All the antisera were first assayed for tissue specificity by a
solid phase immunoassay with proteins from sperm, eggs, larvae or fem- 1(
hc17) hemaphrodites which have no sperm. Those antisera that showed
significant binding to sperm proteins were then characterized further
by immunostaining of sperm or fem-1 proteins transferred from 1-D or 2-
D gels to nitrocellulose ('Western transfers'). In addition the
cellular localization of antigens was determined by immunofluorescence.
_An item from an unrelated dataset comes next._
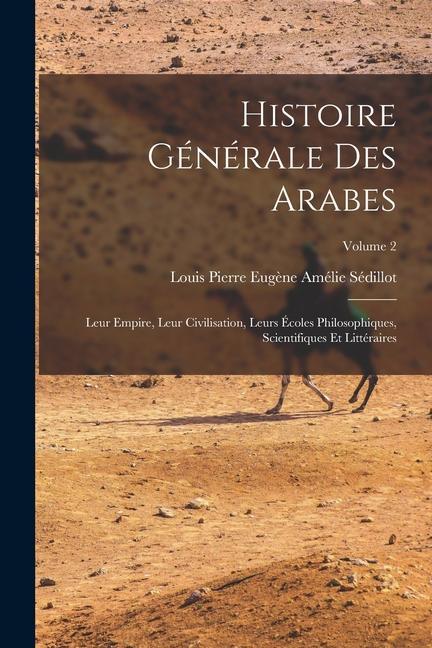 Kniha Histoire générale des Arabes; leur empire, leur civilisation, leurs écoles philosophiques, scientifiques et littéraires; Volume 2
All the anti-muscle protein antibodies showed much less binding to
sperm proteins than to other tissues. Most of them had too little
binding to test further. However, Ross's anti-alpha actinin serum
does bind to a protein in sperm that comigrates on 1-D and 2-D gels
with worm muscle alpha actinin. What is alpha actinin doing in a cell
with almost no actin? GAPDH is also present in sperm as Ralph and
Patrice knew already. We have been unable to detect these proteins in
the spermatozoa by immunofluorescence.
Several of the anti-sperm monoclonals reacted with both sperm and
other tissues, but seven of them were strictly sperm specific by both
the solid phase assay and by Westerns. By adding dilutions of sperm
proteins to the other tissue proteins it was found that the
sensitivity of detection of the solid phase assay is between 10+E3 and
10+E4 of the amount of antigen present in sperm. Thus other tissues
have less than 1/1000th as much of the sperm antigens as do sperm. In
addition, no staining is detected in other tissues by
immunofluorescence. One of these monoclonals is directed toward the
major sperm protein. Three others (two from Susi, one from Fred) give
an identical pattern on Westerns: they bind to eight distinct bands.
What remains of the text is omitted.